[[ Data in this exercise, beginning ]]

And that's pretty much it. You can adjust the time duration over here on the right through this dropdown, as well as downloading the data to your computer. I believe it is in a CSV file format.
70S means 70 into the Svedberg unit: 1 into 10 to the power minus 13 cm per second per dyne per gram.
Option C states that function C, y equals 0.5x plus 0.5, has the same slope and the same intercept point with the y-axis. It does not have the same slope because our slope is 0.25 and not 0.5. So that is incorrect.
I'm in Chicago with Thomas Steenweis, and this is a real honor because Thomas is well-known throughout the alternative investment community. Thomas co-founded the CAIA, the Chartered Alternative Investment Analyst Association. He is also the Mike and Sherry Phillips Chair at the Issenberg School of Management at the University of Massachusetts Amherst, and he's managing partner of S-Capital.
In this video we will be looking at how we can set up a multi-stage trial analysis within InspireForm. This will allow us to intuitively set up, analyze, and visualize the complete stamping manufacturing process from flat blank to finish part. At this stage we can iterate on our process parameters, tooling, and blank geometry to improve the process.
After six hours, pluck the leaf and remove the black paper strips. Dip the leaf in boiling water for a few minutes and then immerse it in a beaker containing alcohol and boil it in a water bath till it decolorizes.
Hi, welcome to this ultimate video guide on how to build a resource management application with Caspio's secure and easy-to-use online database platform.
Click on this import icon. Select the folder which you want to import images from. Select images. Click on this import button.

[[ Data in this exercise, end ]]
[[ Data in this exercise, beginning ]]

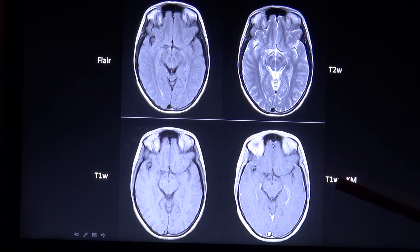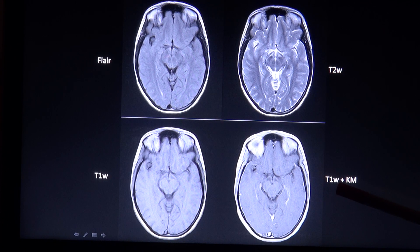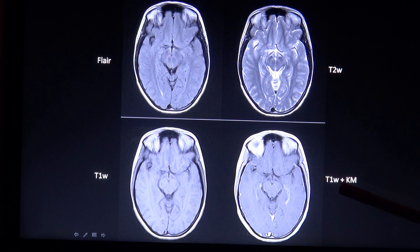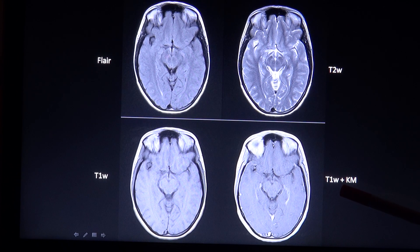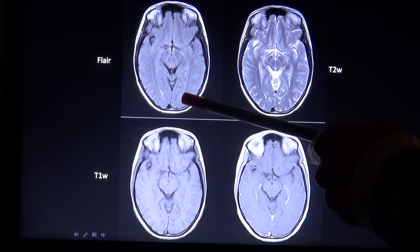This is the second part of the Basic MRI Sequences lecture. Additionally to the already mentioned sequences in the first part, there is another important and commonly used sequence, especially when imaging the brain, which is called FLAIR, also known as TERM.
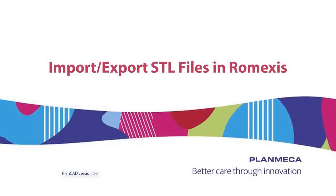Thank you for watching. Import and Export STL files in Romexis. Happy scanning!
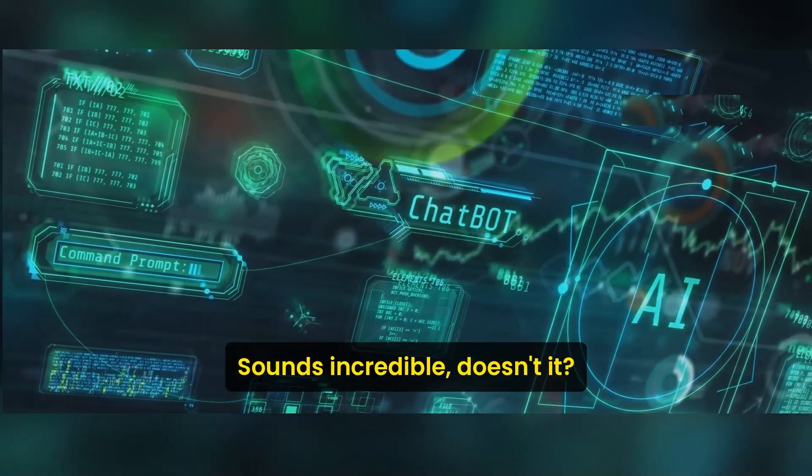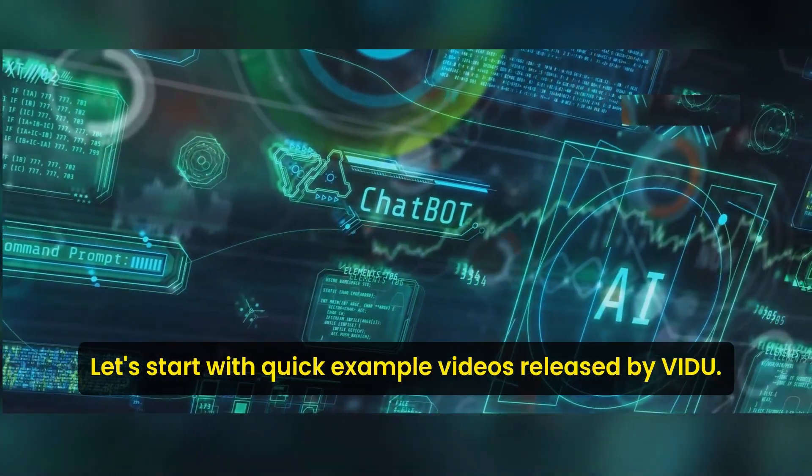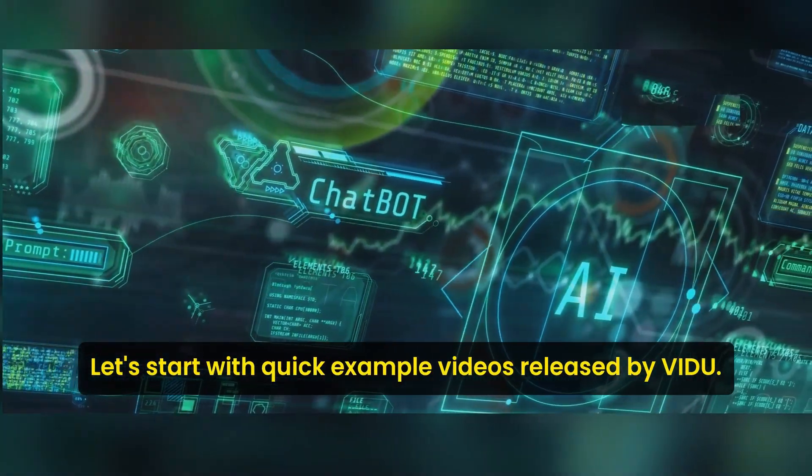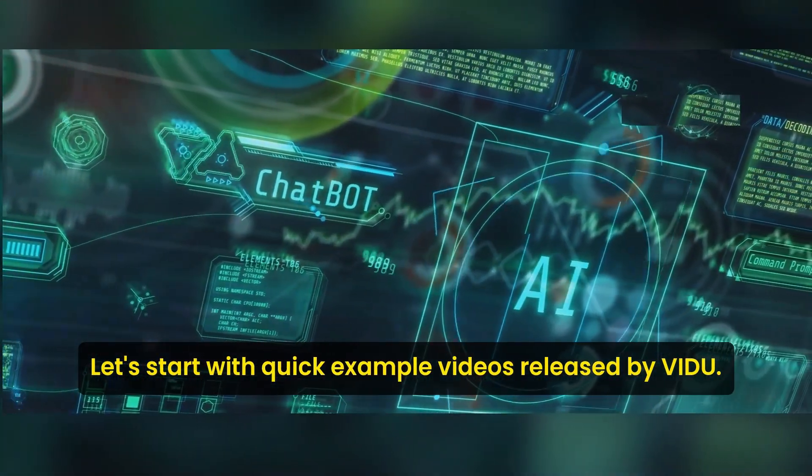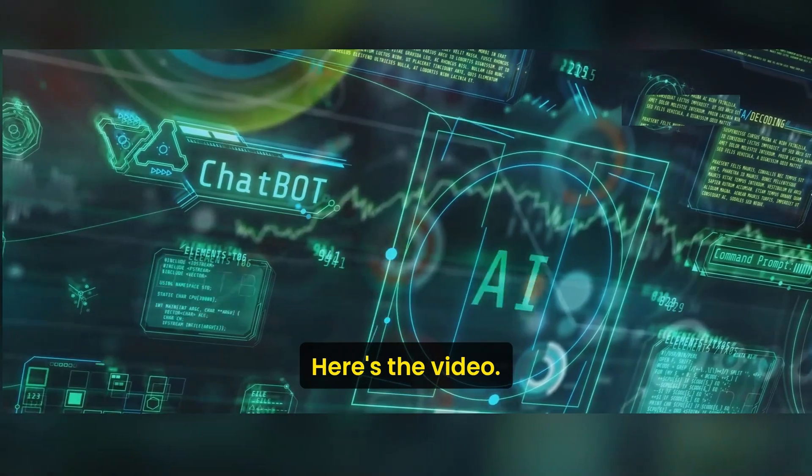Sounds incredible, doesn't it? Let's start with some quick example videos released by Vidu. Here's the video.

[[ Data in this exercise, end ]]

Directions:
The answer must consist solely of the number of lines in the entries that contain the word "because".

Task solution:
2